ギンはそれに驚き慌てるが、周りは役に立たず唯一意識を保っている浦原もいじけていて声を掛けても無視される。その間にも一護は背中を丸くしてケホケホと辛そうに咳をする。ギンは一護の隣に屈み、背中をさすってやった。

「………っつう!!!!!///」

しばらくして一護の呼吸が整うと、顔をあげた一護と目が合う。ボンッと爆発するような勢いで真っ赤になった一護は悲鳴のような叫びを漏らし、しりもちを付いたままギンから離れるように猛スピードで壁際に向かって後ずさった。

「一護ちゃん?」
「う、嘘だ!冗談だ!浦原の変な薬のせいだ!!」

目をぱちくりとさせたギンが一歩近づけば一護は一歩分はなれる。その名前を呼べば首が取れてしまうんじゃないかと思える勢いでブンブンと首を横にふり、叫びだす。

「そんな……そんな///」

顔を隠そうと手で覆って俯いた一護の様子に落ち着いてきたギンはばらばらのピースを整理する。
(強く抱き締めた→どうやら薬を吐き出したらしい→正気に戻った→自分の言ったことは覚えている→真っ赤になって恥ずかしがってる→否定しているけど慌てている様子から見て嘘。―――――…あかん。)

「一護ちゃんめっちゃ好きやーーー!!!」
「うわぁ!!」

結論が出てしまえばギンの理性はぷちっと簡単に切れてしまい、抱きつこうと飛びつく。
しかし一護はいち早くそれを察知して瞬歩で部屋から逃げ出し、無我夢中で走り続ける。しかし、相手は残念ながら本能を解き放ってしまった市丸ギン。

「捕まえたVv」
「ヒャっ!!///は、離せ!!」

疲れてきてわずかにスピードが落ちると、後ろからぎゅうっと抱き締められ耳元で囁かれた。一護は変な声を出してしまった恥ずかしさも有り力の限りで暴れようとした。

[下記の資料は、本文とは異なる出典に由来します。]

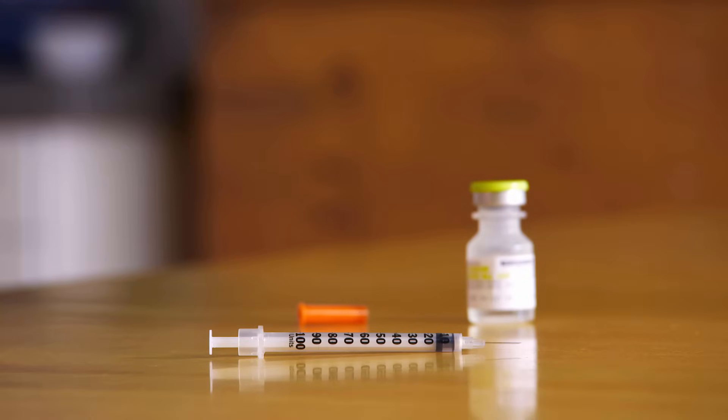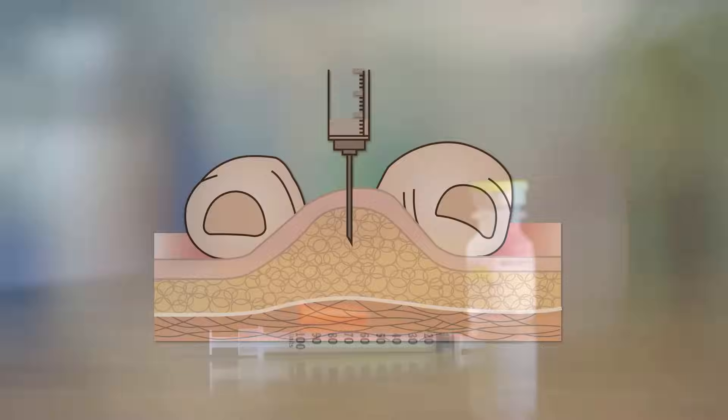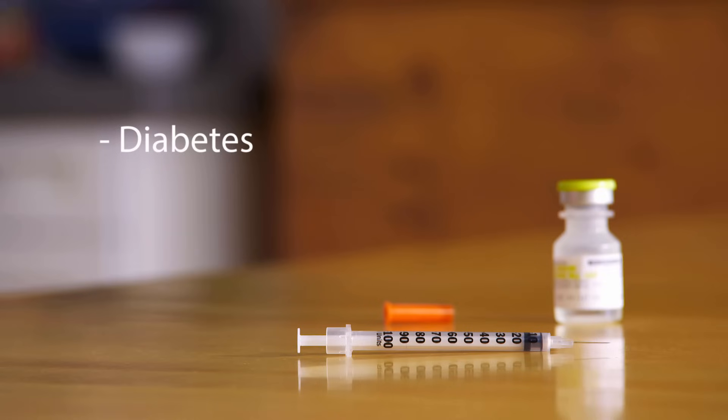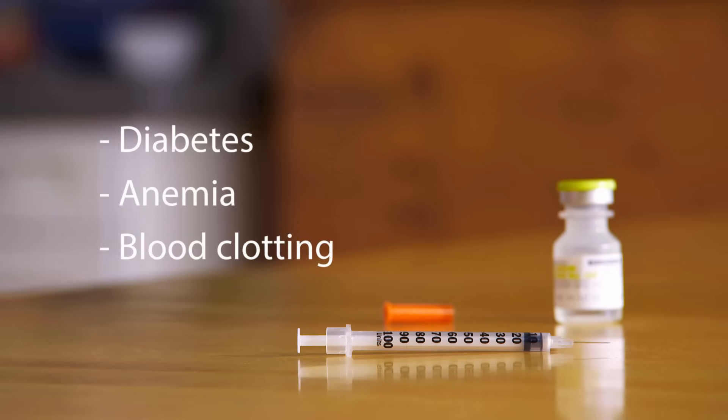This video will show you how to give a subcutaneous, or sub-Q, injection. Subcutaneous means below the skin. To give a subcutaneous injection, you stick a small needle into the fatty tissue just below the skin and inject the medicine there. Subcutaneous injections are used for all sorts of health problems, such as diabetes, anemia, and problems with blood clotting.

「イヤや。一護がボクのことスキって言ってくれたんやもん、放したりせぇへん」
「ぅ!」

くるりと体を反転させられ、赤い瞳が一護を捕らえる。

「好きやよ、せやから逃げんといて。ボクの事見て、ボクの事もう一回好きや言うて」

赤から目が動かせない。普段とは違う真剣な声に、表情に、一護も普段のようにはいられなくなる。

「……す、きだ。ギンのこと、好きだ//」
どちらからともなく顔を近づけ、唇が重なり合う。
触れるだけの口付けだというのに、まるで体温をお互いに移し変えるように長く。

「あい、してる…」

離れた口から零れた音はどちらのものか?


END





あきゅろす。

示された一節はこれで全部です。